* _WHAT YOU WILL DO_: Within the entries below, the lines from the one with "50 SM-R FACTORY" through the one with "Hounds Tooth Inn" are to be set down exactly, both ends kept.

* _Data extracted from a collection_:
┌──

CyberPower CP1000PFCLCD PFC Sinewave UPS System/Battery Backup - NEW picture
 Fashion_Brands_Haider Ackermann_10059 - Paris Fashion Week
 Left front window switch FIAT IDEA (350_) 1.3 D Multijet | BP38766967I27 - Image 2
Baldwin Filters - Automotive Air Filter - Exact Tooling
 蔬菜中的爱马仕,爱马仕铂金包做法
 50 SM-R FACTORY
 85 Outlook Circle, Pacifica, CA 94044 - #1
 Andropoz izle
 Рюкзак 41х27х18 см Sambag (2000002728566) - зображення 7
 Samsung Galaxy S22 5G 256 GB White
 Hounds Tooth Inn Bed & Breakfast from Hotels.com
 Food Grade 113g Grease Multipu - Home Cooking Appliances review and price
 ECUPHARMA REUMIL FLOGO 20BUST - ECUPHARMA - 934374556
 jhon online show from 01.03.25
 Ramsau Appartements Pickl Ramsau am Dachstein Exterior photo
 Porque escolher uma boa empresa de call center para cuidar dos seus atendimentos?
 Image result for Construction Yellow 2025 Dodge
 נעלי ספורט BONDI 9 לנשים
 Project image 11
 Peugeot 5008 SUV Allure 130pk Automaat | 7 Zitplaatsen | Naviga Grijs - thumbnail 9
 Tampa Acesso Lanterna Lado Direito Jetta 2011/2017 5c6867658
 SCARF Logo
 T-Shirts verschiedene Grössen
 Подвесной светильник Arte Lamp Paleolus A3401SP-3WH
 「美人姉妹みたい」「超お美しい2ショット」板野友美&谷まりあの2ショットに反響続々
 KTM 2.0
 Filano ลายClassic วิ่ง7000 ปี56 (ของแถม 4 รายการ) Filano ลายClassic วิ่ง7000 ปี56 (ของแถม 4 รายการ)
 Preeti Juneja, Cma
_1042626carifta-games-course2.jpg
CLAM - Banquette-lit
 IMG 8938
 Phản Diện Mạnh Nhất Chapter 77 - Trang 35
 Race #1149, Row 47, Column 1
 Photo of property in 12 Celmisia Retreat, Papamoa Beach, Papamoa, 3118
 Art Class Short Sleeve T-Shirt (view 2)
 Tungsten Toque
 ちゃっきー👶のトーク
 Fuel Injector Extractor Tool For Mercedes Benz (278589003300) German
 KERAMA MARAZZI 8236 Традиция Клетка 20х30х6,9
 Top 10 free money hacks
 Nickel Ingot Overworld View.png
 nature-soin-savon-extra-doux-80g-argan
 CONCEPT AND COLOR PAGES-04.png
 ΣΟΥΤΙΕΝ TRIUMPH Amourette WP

└──

* _RESULT BELOW_:
 50 SM-R FACTORY
 85 Outlook Circle, Pacifica, CA 94044 - #1
 Andropoz izle
 Рюкзак 41х27х18 см Sambag (2000002728566) - зображення 7
 Samsung Galaxy S22 5G 256 GB White
 Hounds Tooth Inn Bed & Breakfast from Hotels.com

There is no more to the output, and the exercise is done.